An "L0" cacheIn our study of the Nehalem architecture, we saw how this processor has a mechanism optimised for loops using a buffer containing micro-operations (namely, already de-coded instructions), thus economising on resources by not decoding the same code in a loop several times when correctly predicted. Moreover we mentioned the ressemblance with the Pentium 4 trace cache principle.
Sandy Bridge goes a bit further by introducing a 1.5 KB micro-operations cache (uop cache), which receives its data from the instruction decode units. The branching unit accesses the uop cache once a new branch is decoded and checks to see if it’s in the uop cache. If it is, the majority of front-end processing (retrieval of instructions at decoding) becomes useless. This results in reduced use of front end units and an overall improvement in terms of performance per watt. Note that the Sandy Bridge uop cache isn’t really comparable to the Pentium 4 trace cache: in effect the Sandy Bridge still has its L1 cache for instructions and both caches work together, in contrast to the Pentium 4 on which the trace cache replaces the L1I entirely and therefore represents a more complex implementation.
Register set-up inspired by Pentium 4
For Sandy Bridge, the Intel engineers chose to use a Physical Register File (PRF) as with Pentium 4. To understand what this consists of exactly and the reasons for this choice, we need to go back to a few of the concepts inherent in the x86 processors register set-up.
x86 processors are characterised by the reduced amount of registers: 8 in 32-bit mode, and 16 in 64-bit mode (for comparison, an IA64 processor such as the Itanium has 128).

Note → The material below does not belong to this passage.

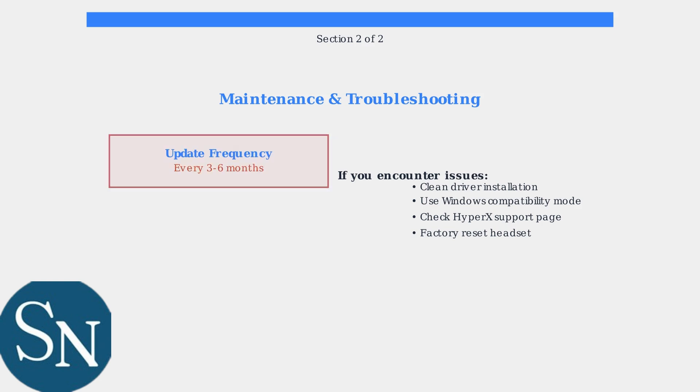Regular firmware updates ensure your HyperX Cloud2 headset continues to deliver the best possible audio experience with the latest features and optimizations.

These are the eax, ebx … familiar to those who’ve seen x86 assembly code and which constitute the register file.
Yet modern CPUs use out-of-order (OoO) execution engines, that’s to say which can process instructions in a different order to the assembly code written by the programmer or generated by a compiler. So as to facilitate the work of the OoO, CPUs have much more than 8 internal registers and therefore resort to register renaming to maintain coherence between the CPU’s physical registers (internal and not visible to programmers) and architectural registers (those the programmer can see: eax, ebx …) to which they refer.

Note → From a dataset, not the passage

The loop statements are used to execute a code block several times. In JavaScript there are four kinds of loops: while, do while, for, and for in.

In practice, the processor uses a Reorder Buffer (ROB), the role of which is to restore the instruction order to the way it appears in the programme after instructions have been executed, perhaps in a different order. In P6 derived architectures (Core 2, Nehalem and Westmere), the ROB contains the results of each micro-operation underway, accompanied by a register index that allows the re-establishment of correspondance between the physical and architectural registers. These results are copied to a Retirement Register File (RRF), which corresponds to all the architectural registers after processing.

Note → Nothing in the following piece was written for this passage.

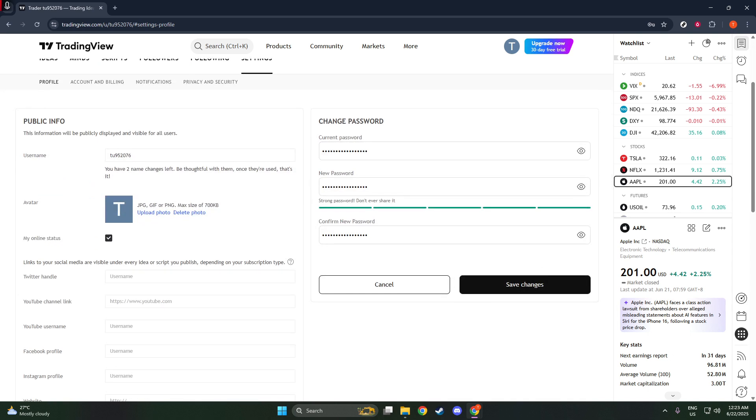Finally, with your new password entered twice, you're ready to make the change. Look for the save changes button, usually found at the bottom of the security section. By clicking on this button, you're applying the new password to your account. A confirmation message should appear indicating that the process was successful.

In its time, the Netburst architecture modified this schema by using a file containing the CPU’s internal physical registers (Physical Register File, or PRF). The ROB then no longer contains any data from micro-operations underway, but only pointers to the PRF. The advantage is obviously that each entry in the ROB takes up less space and the ROB can then contain more entries for the same capacity (the Sandy Bridge ROB contains 168, Nehalem / Westmere 128). There’s no longer an RRF and coherence with architectural registers takes place via the Register Alias Table (RAT), the entries for which also point towards the PRF. These references towards the PRF mean that the data copying stages of the ROB + RRF system aren’t required. This gives the Sandy Bridge system quite an advantage as there’s a lot of this data.
Using a PRF on Pentium 4 was motivated by the optimisation of Netburst for instruction sets such as SSE and SSE2, which handle data in 128-bit chunks. Sandy Bridge ushers in the new AVX instruction set on which operands can go up to a max of 256 bits, justifying Intel’s choice to equip its new architecture with a PRF.